### Your assignment
Write out each line of the material exactly as given, and drop the images.

### Collected data

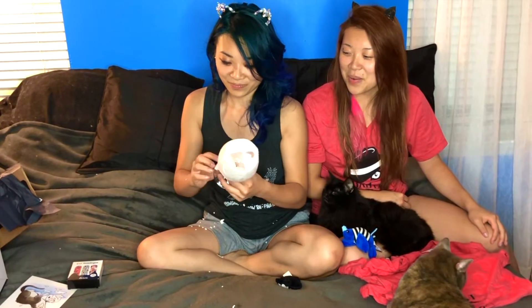Last we have this 'Cat Mama Needs Wine' wine glass. Let's see what it looks like. Oh man — this is a huge wine glass!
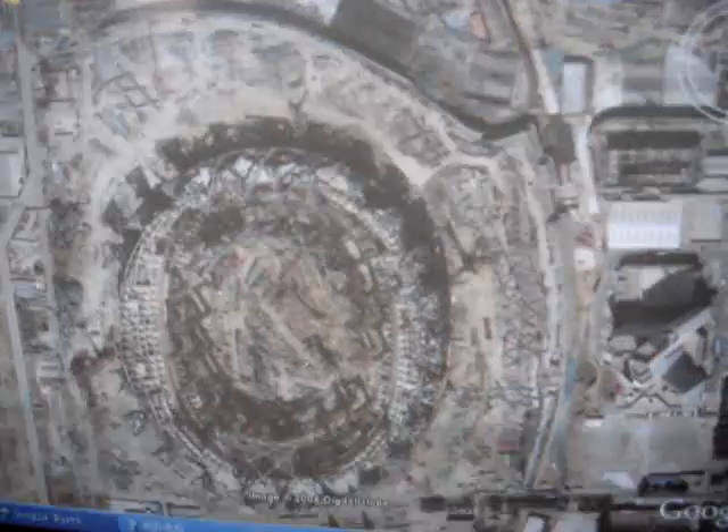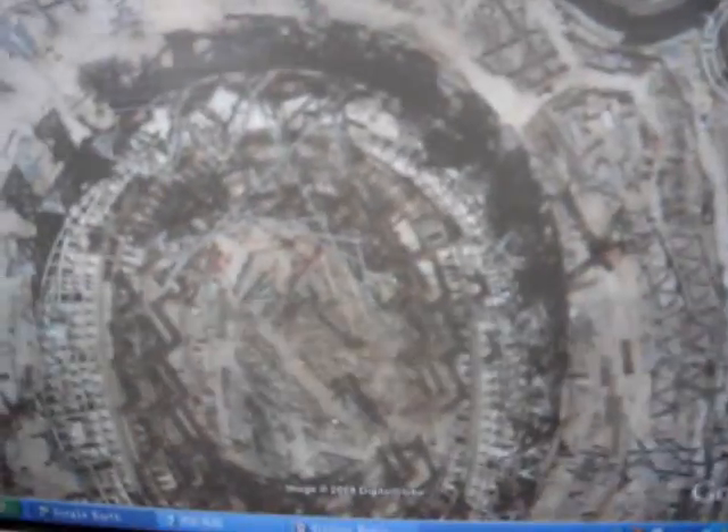You can see the Bird's Nest on Google Earth — a little bit more clear. And you see the cubic swimming pool.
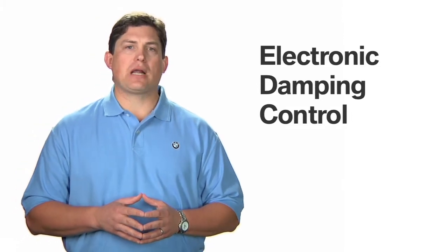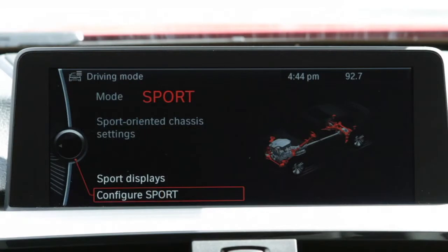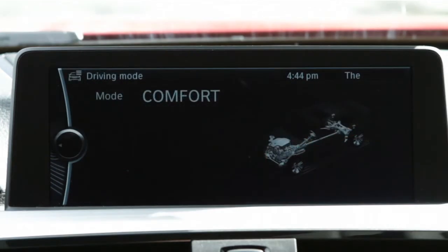EDC can be adjusted through the iDrive settings menu to either sport or comfort modes. Sport increases suspension firmness under all conditions for a sportier driving feel, while comfort keeps the shock soft over smooth roads for optimum riding comfort.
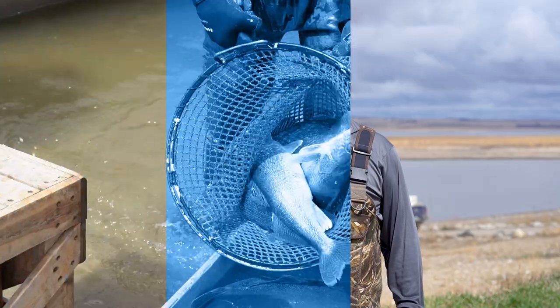I'm Russ Kinsler. I'm the Missouri River System Supervisor for the North Dakota Game and Fish Department, and today we're spawning walleyes on Lake Sakakawea.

### Response box
Last we have this 'Cat Mama Needs Wine' wine glass. Let's see what it looks like. Oh man — this is a huge wine glass!
You can see the Bird's Nest on Google Earth — a little bit more clear. And you see the cubic swimming pool.
EDC can be adjusted through the iDrive settings menu to either sport or comfort modes. Sport increases suspension firmness under all conditions for a sportier driving feel, while comfort keeps the shock soft over smooth roads for optimum riding comfort.
I'm Russ Kinsler. I'm the Missouri River System Supervisor for the North Dakota Game and Fish Department, and today we're spawning walleyes on Lake Sakakawea.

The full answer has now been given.